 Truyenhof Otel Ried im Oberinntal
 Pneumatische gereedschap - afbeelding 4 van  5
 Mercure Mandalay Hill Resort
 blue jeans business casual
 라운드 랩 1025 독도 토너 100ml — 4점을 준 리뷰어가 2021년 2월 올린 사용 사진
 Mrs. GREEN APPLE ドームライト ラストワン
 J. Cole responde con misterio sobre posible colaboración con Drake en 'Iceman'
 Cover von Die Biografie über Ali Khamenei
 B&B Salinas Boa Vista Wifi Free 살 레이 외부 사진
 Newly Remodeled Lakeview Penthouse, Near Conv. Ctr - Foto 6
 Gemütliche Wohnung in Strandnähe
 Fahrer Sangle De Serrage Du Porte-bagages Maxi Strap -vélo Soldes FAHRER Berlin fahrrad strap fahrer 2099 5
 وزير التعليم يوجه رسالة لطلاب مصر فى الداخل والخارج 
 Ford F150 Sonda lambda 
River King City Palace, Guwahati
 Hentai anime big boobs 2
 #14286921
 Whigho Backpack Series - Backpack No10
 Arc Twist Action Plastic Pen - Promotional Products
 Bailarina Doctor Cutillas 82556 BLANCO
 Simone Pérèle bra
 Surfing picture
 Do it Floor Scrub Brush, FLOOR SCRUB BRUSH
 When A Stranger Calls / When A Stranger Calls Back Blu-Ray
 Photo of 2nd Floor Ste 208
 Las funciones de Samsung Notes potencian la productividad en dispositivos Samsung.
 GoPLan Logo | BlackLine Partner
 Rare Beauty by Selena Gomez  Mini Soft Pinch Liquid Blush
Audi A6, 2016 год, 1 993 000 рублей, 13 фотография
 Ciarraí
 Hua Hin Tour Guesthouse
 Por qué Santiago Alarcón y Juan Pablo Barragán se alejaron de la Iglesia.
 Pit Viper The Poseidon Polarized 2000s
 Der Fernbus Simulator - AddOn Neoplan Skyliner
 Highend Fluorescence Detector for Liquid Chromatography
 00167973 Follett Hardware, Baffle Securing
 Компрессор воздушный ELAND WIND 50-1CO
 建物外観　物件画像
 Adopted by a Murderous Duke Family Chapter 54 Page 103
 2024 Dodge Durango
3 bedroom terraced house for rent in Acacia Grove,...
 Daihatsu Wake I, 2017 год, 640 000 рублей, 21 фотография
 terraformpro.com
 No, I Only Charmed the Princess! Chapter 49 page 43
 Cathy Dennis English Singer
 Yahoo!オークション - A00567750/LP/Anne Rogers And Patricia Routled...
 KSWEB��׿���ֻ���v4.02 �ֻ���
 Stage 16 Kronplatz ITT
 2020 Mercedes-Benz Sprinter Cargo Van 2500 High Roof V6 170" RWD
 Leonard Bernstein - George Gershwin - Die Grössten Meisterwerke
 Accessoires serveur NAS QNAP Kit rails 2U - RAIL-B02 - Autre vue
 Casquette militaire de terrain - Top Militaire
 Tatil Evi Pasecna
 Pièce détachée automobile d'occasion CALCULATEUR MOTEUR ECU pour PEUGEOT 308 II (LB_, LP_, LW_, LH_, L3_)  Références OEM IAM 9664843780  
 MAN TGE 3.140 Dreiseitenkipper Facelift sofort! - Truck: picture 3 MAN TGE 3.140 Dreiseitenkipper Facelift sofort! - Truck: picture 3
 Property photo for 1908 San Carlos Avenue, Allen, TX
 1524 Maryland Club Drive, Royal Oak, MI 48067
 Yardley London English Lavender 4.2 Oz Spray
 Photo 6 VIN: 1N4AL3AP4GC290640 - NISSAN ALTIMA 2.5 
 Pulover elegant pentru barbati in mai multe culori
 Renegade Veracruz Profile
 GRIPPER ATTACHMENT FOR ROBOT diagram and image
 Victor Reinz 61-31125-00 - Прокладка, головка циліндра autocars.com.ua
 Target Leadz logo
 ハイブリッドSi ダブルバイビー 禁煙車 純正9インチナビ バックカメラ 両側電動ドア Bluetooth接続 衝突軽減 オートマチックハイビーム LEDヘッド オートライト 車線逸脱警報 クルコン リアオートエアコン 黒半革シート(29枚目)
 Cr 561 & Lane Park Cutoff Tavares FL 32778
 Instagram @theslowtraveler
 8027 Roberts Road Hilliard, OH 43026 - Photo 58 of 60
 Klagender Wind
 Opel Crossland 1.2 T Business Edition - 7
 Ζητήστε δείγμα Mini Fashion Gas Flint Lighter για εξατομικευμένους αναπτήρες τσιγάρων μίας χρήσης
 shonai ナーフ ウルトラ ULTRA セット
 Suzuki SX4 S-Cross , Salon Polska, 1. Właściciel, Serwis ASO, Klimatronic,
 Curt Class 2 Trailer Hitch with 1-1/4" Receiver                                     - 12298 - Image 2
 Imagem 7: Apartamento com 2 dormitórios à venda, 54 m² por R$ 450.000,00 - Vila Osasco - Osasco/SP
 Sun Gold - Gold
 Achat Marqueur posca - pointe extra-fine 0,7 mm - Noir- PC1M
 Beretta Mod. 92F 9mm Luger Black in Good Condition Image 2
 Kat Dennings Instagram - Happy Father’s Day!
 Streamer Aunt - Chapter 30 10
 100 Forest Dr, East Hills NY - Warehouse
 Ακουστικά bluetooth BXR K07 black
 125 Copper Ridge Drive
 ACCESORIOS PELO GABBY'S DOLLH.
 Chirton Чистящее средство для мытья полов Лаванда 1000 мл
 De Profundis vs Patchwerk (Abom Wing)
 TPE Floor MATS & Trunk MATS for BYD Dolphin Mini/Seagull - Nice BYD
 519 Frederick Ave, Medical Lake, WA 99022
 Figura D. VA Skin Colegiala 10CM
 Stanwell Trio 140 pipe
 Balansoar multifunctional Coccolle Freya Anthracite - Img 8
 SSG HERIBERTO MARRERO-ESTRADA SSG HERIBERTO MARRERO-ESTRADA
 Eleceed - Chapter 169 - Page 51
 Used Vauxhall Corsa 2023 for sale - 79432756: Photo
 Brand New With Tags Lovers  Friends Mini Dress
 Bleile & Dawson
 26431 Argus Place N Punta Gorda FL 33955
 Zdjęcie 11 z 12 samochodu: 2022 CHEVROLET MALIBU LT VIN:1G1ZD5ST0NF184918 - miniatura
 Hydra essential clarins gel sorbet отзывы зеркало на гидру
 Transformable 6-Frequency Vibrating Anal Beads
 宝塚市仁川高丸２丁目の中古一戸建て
————————
What the task asks:
Reproduce only what lies between the start of the listing above and the end of the line containing "Gemütliche Wohnung in Strandnähe", keeping every line exact.

The completed task:
 Truyenhof Otel Ried im Oberinntal
 Pneumatische gereedschap - afbeelding 4 van  5
 Mercure Mandalay Hill Resort
 blue jeans business casual
 라운드 랩 1025 독도 토너 100ml — 4점을 준 리뷰어가 2021년 2월 올린 사용 사진
 Mrs. GREEN APPLE ドームライト ラストワン
 J. Cole responde con misterio sobre posible colaboración con Drake en 'Iceman'
 Cover von Die Biografie über Ali Khamenei
 B&B Salinas Boa Vista Wifi Free 살 레이 외부 사진
 Newly Remodeled Lakeview Penthouse, Near Conv. Ctr - Foto 6
 Gemütliche Wohnung in Strandnähe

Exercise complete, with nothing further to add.